Riemann’s Hypothesis, still unproven after 156 years, is the focus of the 21st Dalrymple Lecture in Mathematics, set for 6:30 p.m. Thursday (April 9) at the University of Mississippi. Brian Conrey, executive director of the American Institute of Mathematics and professor of mathematics at the University of Bristol in England, is to deliver the address. The event in the Overby Center Auditorium is open to the public.
“For more than 150 years, primes and zeroes remain a million dollar mystery for mathematicians,” Conrey said. ” The stature of this problem has continued to rise so that today it is widely regarded as the most important unsolved problem in all of mathematics.”
An internationally renowned mathematician, Conrey was awarded the Levi L. Conant Prize from the American Mathematics Society for outstanding expository writing for an article he wrote on this problem in 2008.

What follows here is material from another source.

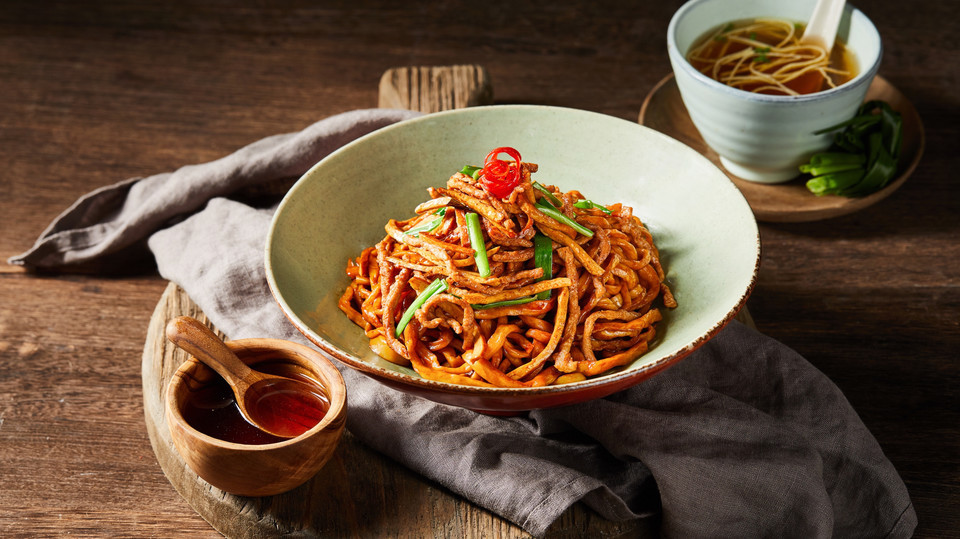 香干肉丝干拌面图片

“This year’s topic, the Riemann Hypothesis, is one of the seven $1Million Millennium Prize Problems stated by Clay Mathematics Institute in 2000,” said James Reid, UM professor of mathematics. “Professor Conrey plans to discuss some of the colorful history that surrounds this question.”
Established to bring distinguished speakers to campus to discuss mathematics and mathematics research, the Dalrymple Lecture series was endowed by Mr. and Mrs. Arch Dalrymple II of Amory. Arch Dalrymple attended Cornell University, Amherst College and UM, where he earned a bachelor’s degree in 1947.